ABD -Orta Doğu’daki çıkarları için Türkiye’ye ihtiyacı olması nedeniyle- Türkiye’nin Suriye’nin kuzeyine yönelik muhtemel bir askeri operasyonuna karşı çıkmayacaktır. Oysa aynı ABD, PKK ile mücadelesinin etkin olduğu yıllarda Türkiye’nin Irak’ın kuzeyinde bir tampon bölge oluşturma isteğine onay vermemişti.

Suriye muhalefetine (ÖSO) yardım konusunda bahane üstüne bahane üreten ABD, değişen şartlara göre PYD’yi ve IŞİD’i kendi çıkarları doğrultusunda kullanmaktadır. IŞİD ile mücadele adı altında PKK’nın Suriye yapılanması PYD’yi silahlandıran ABD, Esed güçleriyle çatışan IŞİD militanlarına ise göz yummaktadır.

Peki, Suriye bir tuzak mı? Bence evet. Türkiye bu noktada çok daha dikkatli davranmak zorundadır.  Suriye’ye girecek olan Türkiye askerini, Esed ajanları, IŞİD ve PYD militanlarıyla diğer yerel güçler karşılayacaktır.
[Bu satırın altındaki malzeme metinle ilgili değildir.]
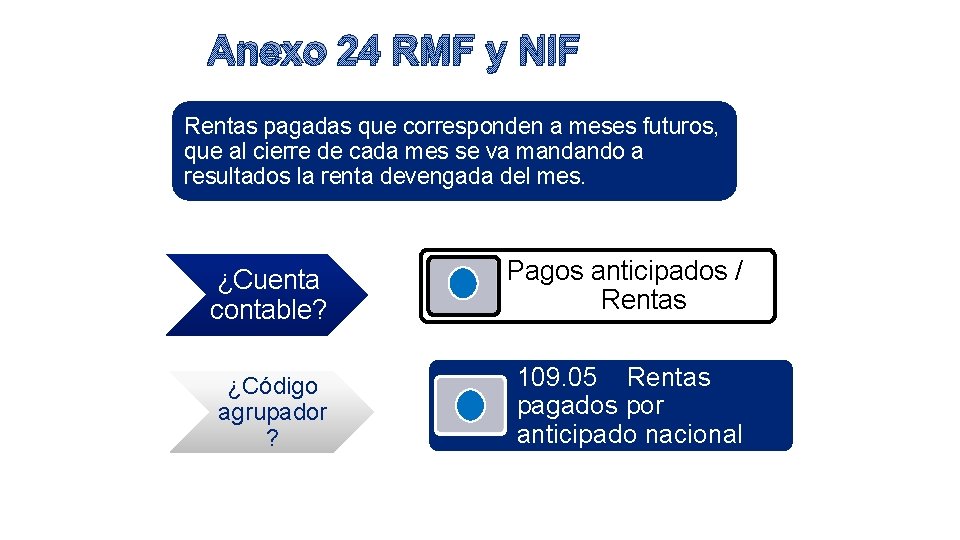 Anexo 24 RMF y NIF Rentas pagadas que corresponden a meses futuros, que al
Yıllardır Irak ve Suriye sınır hatlarının güvenliğini sağlayamamış olmamız,  oluşturulması düşünülen tampon bölgenin nasıl ve ne şekilde korunacağı sorularını da akıllara getiriyor.

Murat Karayılan’ın, “Açıkça söyleyelim. Eğer onlar Rojava’ya müdahale ederlerse biz de onlara müdahale ederiz. O zaman Türkiye’nin tümü bir savaş sahasına dönüşür” tehdidi de göz önünde bulundurulursa; Türkiye’nin Suriye’ye müdahalesi demek, PKK ile var olan cepheyi daha da genişletmesi demektir. Askıya alınmış olmasına rağmen, “Çözüm Süreci”nin tamamen sona ermesi demektir. Türkiye’nin Orta Doğu’daki bataklığa bulaşması demektir. Türkiye’nin Suriye’deki ateş çemberine müdahil olması demektir.

Türkiye, son dönemlerde Irak Kürtleriyle gerçekleştirdiği ekonomik ve ticari entegrasyonu Suriye Kürtleriyle de gerçekleştirmelidir. Konjonktürel şartlar, Türkiye’nin komşuları olan Kürtlerle her alanda entegrasyonunu zorunlu kılmaktadır.

Sözün özü: ABD hâlâ Türkiye’nin onay vermediği 1 Mart tezkeresinin faturasını kesiyor.